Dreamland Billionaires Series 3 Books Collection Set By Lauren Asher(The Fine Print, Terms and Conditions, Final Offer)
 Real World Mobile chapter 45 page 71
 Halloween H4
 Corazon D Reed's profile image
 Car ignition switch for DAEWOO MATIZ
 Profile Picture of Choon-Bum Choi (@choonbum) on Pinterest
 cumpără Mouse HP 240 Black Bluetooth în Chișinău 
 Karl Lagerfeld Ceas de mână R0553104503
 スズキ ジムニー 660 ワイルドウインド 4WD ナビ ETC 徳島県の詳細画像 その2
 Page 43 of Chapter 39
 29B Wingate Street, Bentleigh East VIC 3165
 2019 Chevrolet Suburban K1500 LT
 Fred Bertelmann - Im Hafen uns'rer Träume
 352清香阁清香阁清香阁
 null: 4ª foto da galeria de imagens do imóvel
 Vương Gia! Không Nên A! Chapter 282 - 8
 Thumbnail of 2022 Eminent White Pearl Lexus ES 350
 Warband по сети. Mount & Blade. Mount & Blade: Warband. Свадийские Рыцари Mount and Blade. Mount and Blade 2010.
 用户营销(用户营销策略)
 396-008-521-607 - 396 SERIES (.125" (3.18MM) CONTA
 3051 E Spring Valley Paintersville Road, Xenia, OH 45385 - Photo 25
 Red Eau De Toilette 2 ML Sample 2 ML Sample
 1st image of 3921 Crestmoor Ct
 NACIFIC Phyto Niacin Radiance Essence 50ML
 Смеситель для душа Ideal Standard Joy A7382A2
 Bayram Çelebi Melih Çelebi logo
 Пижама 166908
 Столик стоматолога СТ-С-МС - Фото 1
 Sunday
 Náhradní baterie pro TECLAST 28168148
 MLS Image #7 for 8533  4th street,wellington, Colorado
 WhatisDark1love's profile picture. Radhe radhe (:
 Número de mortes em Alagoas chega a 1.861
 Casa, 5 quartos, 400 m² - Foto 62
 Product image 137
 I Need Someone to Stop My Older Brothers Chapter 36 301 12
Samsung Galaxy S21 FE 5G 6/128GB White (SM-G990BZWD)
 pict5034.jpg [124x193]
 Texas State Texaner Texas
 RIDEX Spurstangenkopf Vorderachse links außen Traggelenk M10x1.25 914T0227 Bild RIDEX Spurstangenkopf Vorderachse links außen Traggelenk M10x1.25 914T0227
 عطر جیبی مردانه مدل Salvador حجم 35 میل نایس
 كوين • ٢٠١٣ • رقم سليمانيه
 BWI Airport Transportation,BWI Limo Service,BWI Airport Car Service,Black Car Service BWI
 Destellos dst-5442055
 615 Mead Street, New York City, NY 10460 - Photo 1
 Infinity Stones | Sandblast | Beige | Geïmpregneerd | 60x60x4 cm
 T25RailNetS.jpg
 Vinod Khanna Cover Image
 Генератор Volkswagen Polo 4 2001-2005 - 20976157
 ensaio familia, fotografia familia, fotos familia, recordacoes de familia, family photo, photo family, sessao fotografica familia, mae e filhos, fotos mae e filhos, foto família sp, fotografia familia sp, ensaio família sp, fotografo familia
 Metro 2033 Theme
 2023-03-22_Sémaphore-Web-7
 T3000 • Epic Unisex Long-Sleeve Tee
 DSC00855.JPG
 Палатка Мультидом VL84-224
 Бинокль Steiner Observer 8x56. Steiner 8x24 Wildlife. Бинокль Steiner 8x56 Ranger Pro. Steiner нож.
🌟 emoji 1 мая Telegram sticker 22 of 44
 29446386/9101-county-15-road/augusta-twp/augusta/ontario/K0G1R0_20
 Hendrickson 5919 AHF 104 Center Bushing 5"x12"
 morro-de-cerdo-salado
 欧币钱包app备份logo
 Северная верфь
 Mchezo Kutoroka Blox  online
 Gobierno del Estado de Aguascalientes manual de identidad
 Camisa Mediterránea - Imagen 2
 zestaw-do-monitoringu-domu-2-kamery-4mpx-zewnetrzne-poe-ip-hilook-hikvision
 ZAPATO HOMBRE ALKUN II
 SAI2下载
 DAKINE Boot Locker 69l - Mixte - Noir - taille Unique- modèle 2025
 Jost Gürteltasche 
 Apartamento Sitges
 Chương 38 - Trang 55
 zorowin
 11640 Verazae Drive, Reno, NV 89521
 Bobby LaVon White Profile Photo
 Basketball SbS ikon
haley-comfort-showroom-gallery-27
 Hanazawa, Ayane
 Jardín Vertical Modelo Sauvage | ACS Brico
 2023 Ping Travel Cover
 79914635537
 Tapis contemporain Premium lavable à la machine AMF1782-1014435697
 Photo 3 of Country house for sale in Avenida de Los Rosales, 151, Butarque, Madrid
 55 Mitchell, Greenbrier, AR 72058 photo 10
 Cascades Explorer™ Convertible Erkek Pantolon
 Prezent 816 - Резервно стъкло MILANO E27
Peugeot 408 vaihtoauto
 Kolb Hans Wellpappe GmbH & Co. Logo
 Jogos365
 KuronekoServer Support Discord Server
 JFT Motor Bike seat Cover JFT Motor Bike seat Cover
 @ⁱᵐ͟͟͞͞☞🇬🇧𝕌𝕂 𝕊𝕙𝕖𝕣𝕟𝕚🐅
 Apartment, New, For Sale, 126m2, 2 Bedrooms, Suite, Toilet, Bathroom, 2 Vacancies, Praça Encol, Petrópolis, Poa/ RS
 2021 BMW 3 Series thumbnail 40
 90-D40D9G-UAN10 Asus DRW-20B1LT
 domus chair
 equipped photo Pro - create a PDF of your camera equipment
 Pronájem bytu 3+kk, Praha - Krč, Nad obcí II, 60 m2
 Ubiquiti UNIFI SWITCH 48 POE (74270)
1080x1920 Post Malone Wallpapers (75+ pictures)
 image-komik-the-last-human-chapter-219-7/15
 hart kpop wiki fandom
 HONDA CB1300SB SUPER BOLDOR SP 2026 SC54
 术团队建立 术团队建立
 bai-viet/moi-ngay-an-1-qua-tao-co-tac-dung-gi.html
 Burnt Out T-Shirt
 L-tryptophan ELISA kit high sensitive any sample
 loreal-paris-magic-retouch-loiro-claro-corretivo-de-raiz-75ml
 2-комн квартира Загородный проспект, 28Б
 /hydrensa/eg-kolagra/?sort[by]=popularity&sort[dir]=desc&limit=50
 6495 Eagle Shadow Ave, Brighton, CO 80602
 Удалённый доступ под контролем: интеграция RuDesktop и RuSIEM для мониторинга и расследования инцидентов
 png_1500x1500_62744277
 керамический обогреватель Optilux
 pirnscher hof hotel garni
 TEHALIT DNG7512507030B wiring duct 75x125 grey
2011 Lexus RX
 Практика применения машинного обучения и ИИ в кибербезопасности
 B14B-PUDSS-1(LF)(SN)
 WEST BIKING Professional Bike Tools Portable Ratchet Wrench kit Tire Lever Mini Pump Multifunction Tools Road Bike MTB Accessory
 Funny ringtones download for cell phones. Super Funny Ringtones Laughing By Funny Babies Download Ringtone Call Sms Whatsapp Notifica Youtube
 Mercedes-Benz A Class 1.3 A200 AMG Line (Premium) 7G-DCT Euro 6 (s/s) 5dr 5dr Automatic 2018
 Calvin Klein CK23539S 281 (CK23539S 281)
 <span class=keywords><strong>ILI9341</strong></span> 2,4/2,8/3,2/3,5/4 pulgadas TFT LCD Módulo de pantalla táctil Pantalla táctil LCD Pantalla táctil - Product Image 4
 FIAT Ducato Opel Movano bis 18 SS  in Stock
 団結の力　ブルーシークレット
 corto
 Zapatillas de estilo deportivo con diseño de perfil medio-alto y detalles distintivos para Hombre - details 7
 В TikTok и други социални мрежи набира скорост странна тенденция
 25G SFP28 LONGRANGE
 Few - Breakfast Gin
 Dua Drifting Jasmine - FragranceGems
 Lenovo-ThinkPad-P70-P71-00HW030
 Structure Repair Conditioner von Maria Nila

* What you need to do
Counting every line of the entries that holds the word "Product", report the total and no other text.

* Answer space
2